A new report finds that venture capital investment in early-stage cybersecurity startups slowed in the second quarter amid ongoing macroeconomic headwinds that include 40-year high inflation and increasing interest rates.
The DataTribe Insights Q2 report found that despite increasing demand for cybersecurity services, particularly amid the ongoing Russian invasion of Ukraine, early-stage cybersecurity deal volume decreased in the quarter from both the previous quarter and a year ago.
Cybersecurity seed deal volume fell in the quarter by 19.5% year-over-year, with 41 deals in the second quarter of 2021. Cybersecurity Series A deals plunged 43%, with 12 deals in the quarter. As a percentage of overall deals, cybersecurity seed deals were down but still in line with historical averages of 3%, while Series A deals have fallen from a peak of 8% in the second quarter of 2020.
Valuations on seed deals have also declined, down to 33% from the first quarter but still 50% higher than the second quarter of 2021. Cybersecurity Series A rounds saw a 10% drop in median valuation from $45 million to $40 million, though that was 23% higher than a year ago.
The report notes that although PitchBook’s data showed a decline in early-stage cybersecurity deal volume and valuations, DataTribe continues to see a robust and quality flow of cybersecurity companies.
“In our talks, founders generally understood that capital was scarcer and seemed more open to lower valuations,” the report states. “In the long run, realistic valuations will better serve seed-stage entrepreneurs as they raise future rounds of capital.”
The report also highlighted what’s described as a clear and present danger to industrial environments. The second quarter saw the rise of Pipedream, an industrial control systems malware toolset that targets ICS and operational technology networks.

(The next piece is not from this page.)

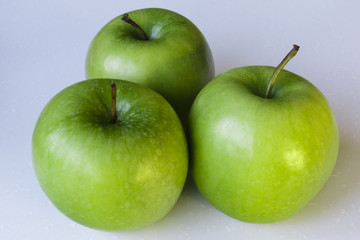 Closeup of Green Apples on White Background.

The Pipedream malware allows attackers to download data, alter devices, surveil industrial environments, identify high-value targets and launch attacks against sensitive systems. The report says there’s a massive destructive potential in these attacks, up to and including loss of life – and defending against them is critical.
The rise of Web3 hacks was also noted as a rising trend. There were 290 recorded attacks in the sector in the second quarter, resulting in a 170% increase in attacks where more than $100,000 in cryptocurrency was lost or stolen.